I've seen indoor results where i had to reduce the hop penalty, otherwise BATMAN was taking a short path which worked badly. By reducing the hop penalty, so encouraging it to take more hops, i got usable routes.
I see the danger here this could break working networks, so maybe it needs justification?
as a matter of fact I do believe it is helpful. In various networks (more than a dozen) I have seen that batman would largely favor multi-hop routes, thus reducing the overall throughput. By setting it to a higher value I regained some of its performance. The networks are still up & running - I can show them to you if you are interested.
So, you had to reduce the default value of 10 to something even smaller ? A hop penalty of 10 results in a penatly of 4% per hop. A rough equivalent of 2 lost packets (62/64). Does not sound very much to me. Can you explain your test setup a little more ?
Nevertheless, this patch was intended to get a discussion going. The main problem I have been seeing in the last weeks is that OGM broadcasts have a hard time estimating the link quality / throughput on 11n devices. I'll also try to hack a proof of concept for an rssi influence on the routing and see if that has a better effect.
Regards, Marek
Hi all,
2012/1/27 Marek Lindner lindner_marek@yahoo.de:
Hi Andrew,
Do you have any performance analysis to show this is really helpful and not harmful?
I've seen indoor results where i had to reduce the hop penalty, otherwise BATMAN was taking a short path which worked badly. By reducing the hop penalty, so encouraging it to take more hops, i got usable routes.
I see the danger here this could break working networks, so maybe it needs justification?
I have experencied the same situation in some tests, and I agree with Andrew when he says that some form of justification is necessary.

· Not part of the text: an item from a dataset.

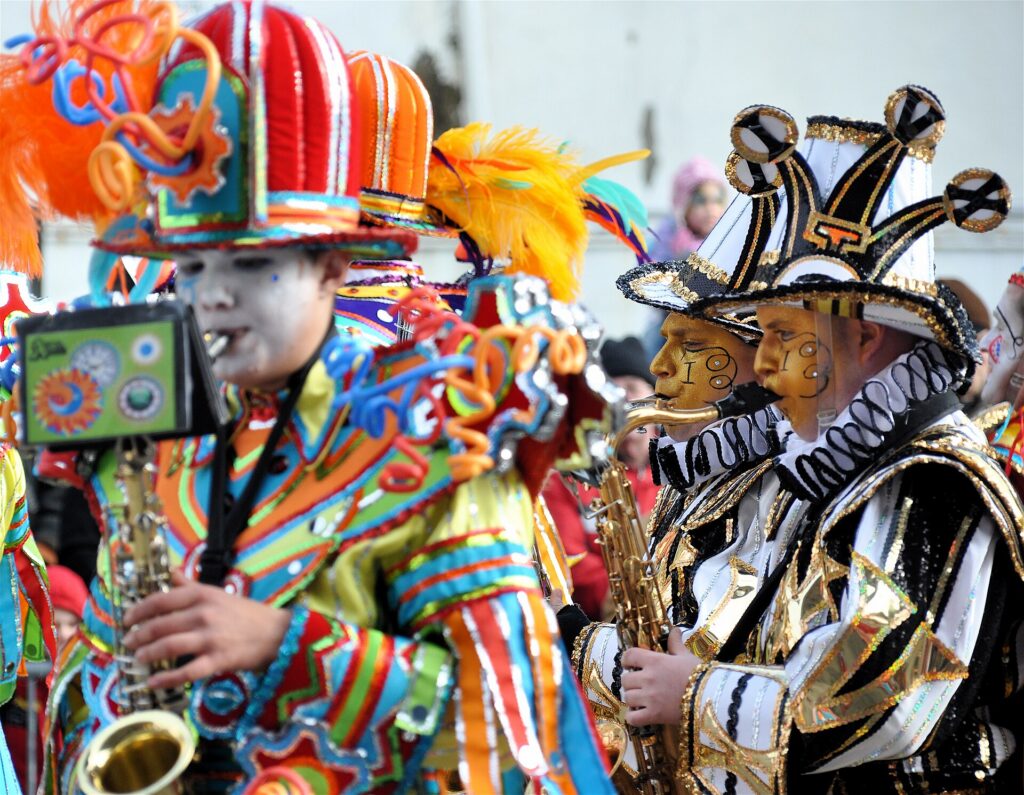 Costumed performers in the Mummers Parade on New Year's Day in Philadelphia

as a matter of fact I do believe it is helpful. In various networks (more than a dozen) I have seen that batman would largely favor multi-hop routes, thus reducing the overall throughput. By setting it to a higher value I regained some of its performance. The networks are still up & running - I can show them to you if you are interested.
So, you had to reduce the default value of 10 to something even smaller ? A hop penalty of 10 results in a penatly of 4% per hop. A rough equivalent of 2 lost packets (62/64). Does not sound very much to me. Can you explain your test setup a little more ?

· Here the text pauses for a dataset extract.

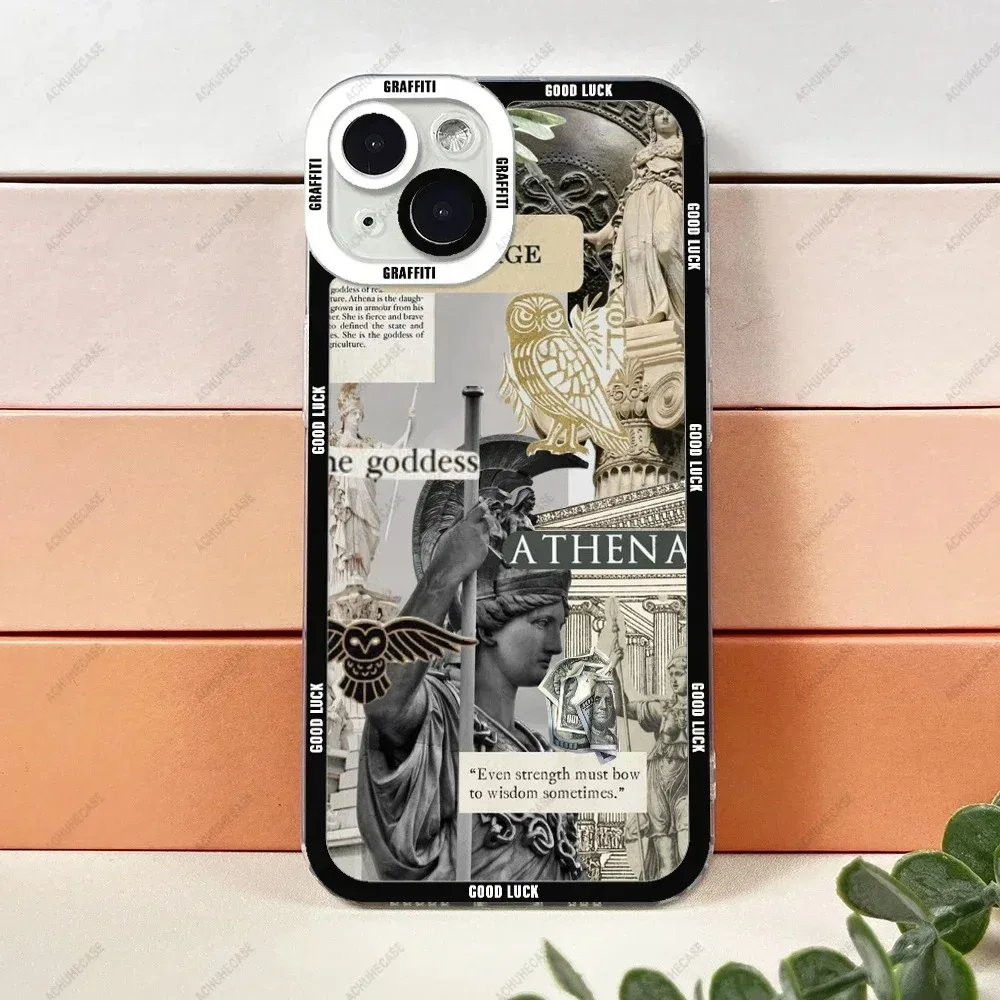 Color: SKY BLUE, Material: Cotton Fabric - Aesthetic Statue Art Phone Case For iPhone 16 15 14 13 12 11 Pro Max XS X XR Plus Mini Luxury Transparent Soft Funda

Nevertheless, this patch was intended to get a discussion going. The main problem I have been seeing in the last weeks is that OGM broadcasts have a hard time estimating the link quality / throughput on 11n devices. I'll also try to hack a proof of concept for an rssi influence on the routing and see if that has a better effect.
The problems of TQ emerges when the rate of devices increase, because especially in mixed b,g,n networks TQ does not distinguish between fast and slow link. We all know that brodcast losses does not say almost nothing about link speed or load.

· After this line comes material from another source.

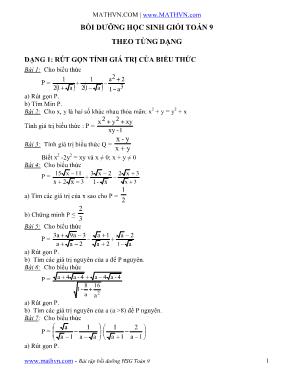 Bồi dưỡng học sinh giỏi Toán 9 theo từng dạng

The only way to improve the TQ metric is a cross-layer implementation as already experienced (considering only bandwidth) in my tests. Obviously this means breaking the "universal" compatibility with network interfaces, the use of mac80211 and cfg80211 in any case can limit this problem in my opinion.
Regards, Marek
Regards, Daniele
Hi,
I have experencied the same situation in some tests, and I agree with Andrew when he says that some form of justification is necessary.
you also have seen that a hop penalty of 10 is too high ? Can you explain your setup a bit more ?
The problems of TQ emerges when the rate of devices increase, because especially in mixed b,g,n networks TQ does not distinguish between fast and slow link. We all know that brodcast losses does not say almost nothing about link speed or load.
The only way to improve the TQ metric is a cross-layer implementation as already experienced (considering only bandwidth) in my tests. Obviously this means breaking the "universal" compatibility with network interfaces, the use of mac80211 and cfg80211 in any case can limit this problem in my opinion.
I am certain that you great ideas and that you spend a lot of time on working with batman / meshing. However, it is somewhat difficult to review / discuss / adapt your work since we have a hard time understanding your concepts without proper explications / documentation. Would it possible for you to talk/write a bit more about your stuff ?
The WBMv5 is a good opportunity to chat because you get all of us in one place. ;-)
Cheers, Marek
So, you had to reduce the default value of 10 to something even smaller ? A hop penalty of 10 results in a penatly of 4% per hop. A rough equivalent of 2 lost packets (62/64). Does not sound very much to me. Can you explain your test setup a little more ?
These observations come from a research project made together with Hochschule Luzern. There is some flyer like documentation in:
www.hslu.ch/t-spawn-project-description_en.pdf
It is a deployable indoor network. The tests i made were with a mesh of 6 nodes, deployed in a chain. The deployment is intelligent, made independently of BATMAN. It uses packet probing at the lowest coding rate to ensure there is always a link to two nodes upstream in the chain. So you walk along with 5 nodes in your hand. When the algorithm determines the link upstream to two nodes has reach a threshold, it tells you to deploy the next mesh node. We kept doing this, along the corridor, down the steps, along another corridor, through a fire door, etc, until we were out of nodes.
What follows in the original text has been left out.